StanChart finds buffer against Asia slowdown risk
By George Hay
The author is a Reuters Breakingviews columnist. The opinions expressed are his own.
Standard Chartered has found a new way to exploit an old advantage. Since the 2008 financial crisis, the emerging markets lender has made considerable hay trumpeting strong growth in its Asian markets. But even investors worried about a slowdown can take comfort from the fact that StanChart is taking a bigger slice of the cake.
StanChart’s first half contained something for both bulls and bears. The bank’s supporters can point to nine percent growth in both operating income and pre-tax profit, and the fact that chief executive Peter Sands reaffirmed that he expects double-digit top line growth for 2012. Importantly, operating income growth is outstripping cost growth. And in terms of liquidity and capital – where StanChart’s core Tier 1 ratio is likely to be 11 percent even after including all Basel III reforms – the bank is way ahead of the pack.

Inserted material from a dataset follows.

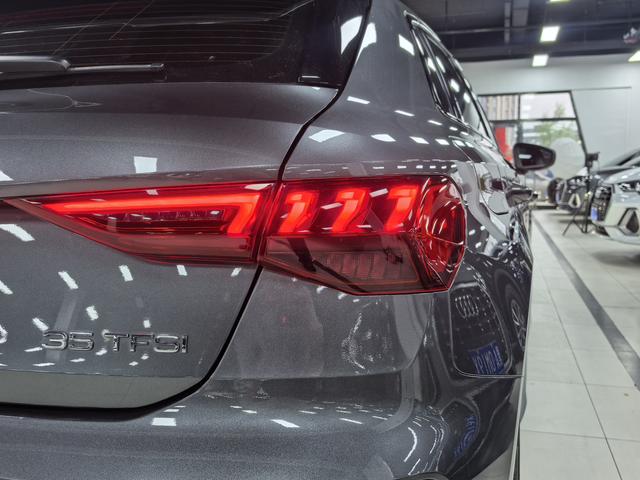 Audi A3 2023, фото 5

Yet detractors will worry about bad debt provisions, which spiked up by 42 percent year-on-year, albeit off a low base. For now, these seem focused on a number of wholesale clients in the United Arab Emirates and India, and from StanChart’s decision to gradually expand the amount of riskier unsecured consumer lending it does from 17 percent of its loan book back towards the pre-crisis level of 20 percent. Given the uncertain economic climate, how and when to take more risk remains a critical judgement call for Sands and the board.

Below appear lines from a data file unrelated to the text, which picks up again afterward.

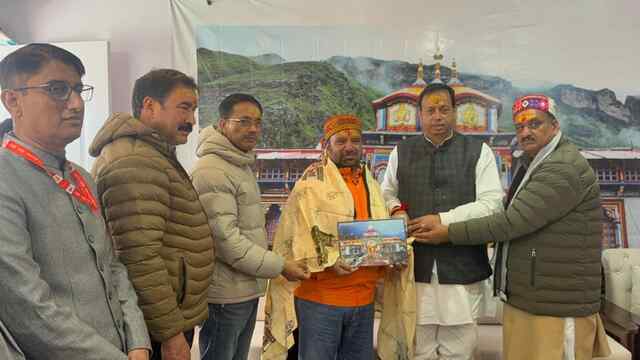 हिमाचल के उद्योगपति डॉक्टर महिंद्र शर्मा ने पावन बद्रीनाथ और केदारनाथ धाम के लिए एक करोड़ एक लाख रूपये दान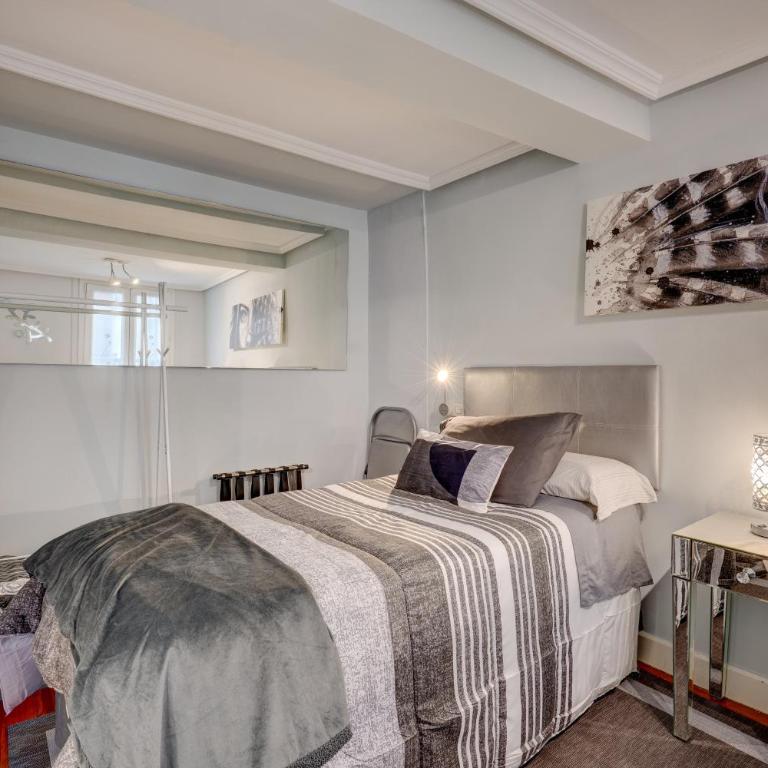 Historic building, centrally located, close to eve - Apartamento de 1 dormitorio - 2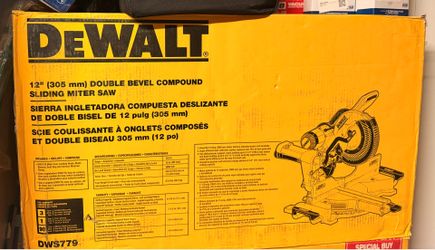 DEWALT 15 Amp Corded 12 in. Compound Double Bevel Miter Saw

Yet even if economic growth does slow, it has a fallback. As harassed euro zone banks retreat to domestic markets, StanChart and its UK peer HSBC are stepping in. The British duo accounted for almost three-quarters of the three percent uptick in European loans to Asia outside Japan between the start of the year and April, according to Morgan Stanley. Helping Western firms sell their wares in Asia allowed StanChart to boost wholesale revenue in the Americas, the United Kingdom and Europe by 25 percent year-on-year.
StanChart should be wary of becoming overly dependent on less predictable wholesale banking activities. But investors will be cheered that the bank remains capable of finding itself in the right place at the right time.